Published:Wednesday | July 31, 2019 | 12:26 AMErica Virtue/Senior Gleaner Writer

The majority of the People’s National Party (PNP) delegates who will vote in the September 7 presidential poll will come from the party’s groups islandwide and its National Executive Council (NEC).

The NEC, which is the PNP’s highest decision-making body outside of annual conference, will provide nearly 350 delegates for the run-off in which the incumbent, Dr Peter Phillips, will face off with Peter Bunting.

PNP General Secretary Julian Robinson explained that a ‘recognised constituency’ is entitled to two NEC members, and one from each unrecognised constituency.

“To be a recognised constituency, you need a minimum of 20 groups, plus a Youth Organisation and Women’s Movement group,” Robinson said yesterday. “Constituencies are not allowed to have more groups than the number of polling divisions, and where such breaches occur, the party will take the necessary action to correct them. It is a new rule, and there are some constituencies in breach and they are working to bring it back in line to the number of polling divisions.”

“Each recognised group with 10-19 members is entitled to one delegate. A group with 20 or more is entitled to two delegates,” Deputy General Secretary Senator Wensworth Skeffery explained.

According to Skeffery, party groups, which are named in the PNP constitution, must be operational for a minimum of seven months to be recognised, and must be in good financial standing, and hold annual conferences before August. The party’s national annual conference is held on the third weekend of September each year.

The party structure is also divided into six regions, with one delegate per constituency.

“For example, in the party’s Region Five, there are eight constituencies. That region is entitled to no more than eight delegates. Depending on the state of a constituency, in a particular region, no delegate may be chosen.
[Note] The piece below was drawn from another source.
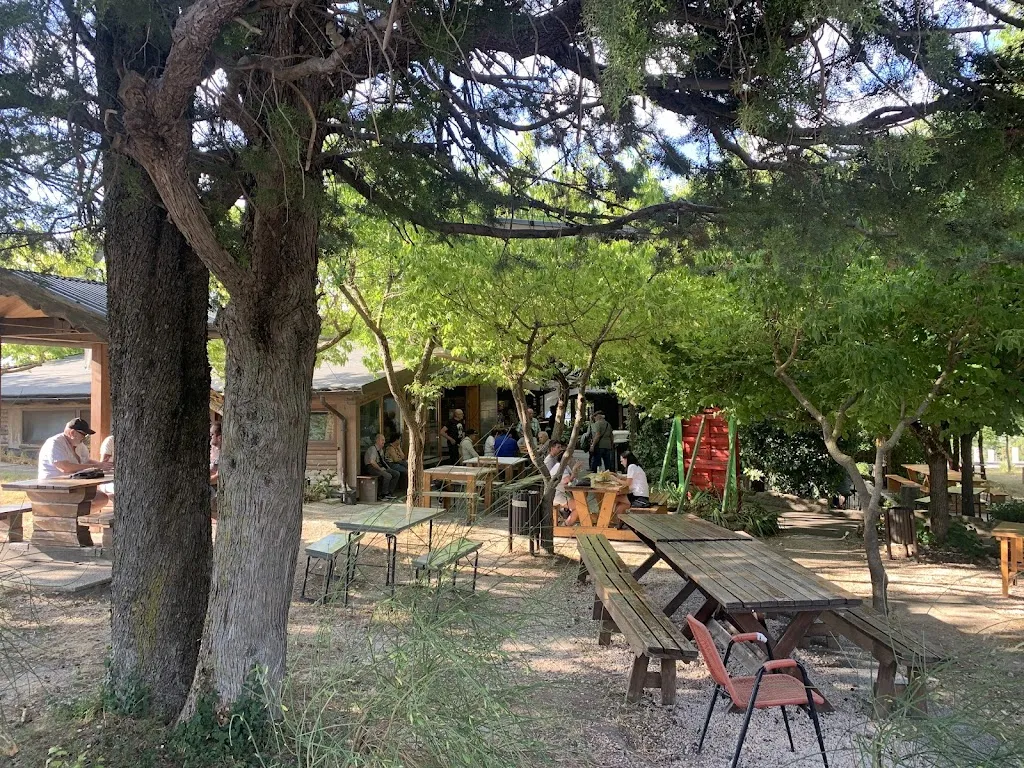 Massimo Rugini_Chiosco bar Lo Scoiattolo_Arcevia_review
So all eight delegates may come from one constituency,” Skeffery explained.

AFFILIATE GROUPS

PNP affiliates such as the National Workers’ Union (NWU) and the youth/adult professional arm The Patriots are also among the main source of delegates, he pointed out.

The Granville Valentine-led NWU provides at least 50 delegates, the Patriots 30, and councillors who are not NEC members are automatic delegates.

The party has no say in who are delegates from affiliates.

There has been some furore over the selection of NWU delegates ahead of the upcoming internal leadership battle. An NWU representative yesterday told The Gleaner that delegates from that body have been selected using the same process employed for more than 25 years.

The union’s selection criteria specify that a delegate has to be a Comrade, a fully paid-up member of the party, a member of the NWU, or a worker representative who “adds value to the union and its work”.

It was not immediately clear how the Patriots select its delegates, as the head of the body could not be reached yesterday.

Some 2,800 delegates will select the party president at the September 7 special delegates’ conference.